Every entry below should be written out again exactly.
*** Begin section ***
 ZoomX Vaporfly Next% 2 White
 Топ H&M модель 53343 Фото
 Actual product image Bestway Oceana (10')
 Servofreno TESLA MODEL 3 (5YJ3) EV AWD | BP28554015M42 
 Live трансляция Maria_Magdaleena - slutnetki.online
*** End section ***
== ANSWER ==
 ZoomX Vaporfly Next% 2 White
 Топ H&M модель 53343 Фото
 Actual product image Bestway Oceana (10')
 Servofreno TESLA MODEL 3 (5YJ3) EV AWD | BP28554015M42 
 Live трансляция Maria_Magdaleena - slutnetki.online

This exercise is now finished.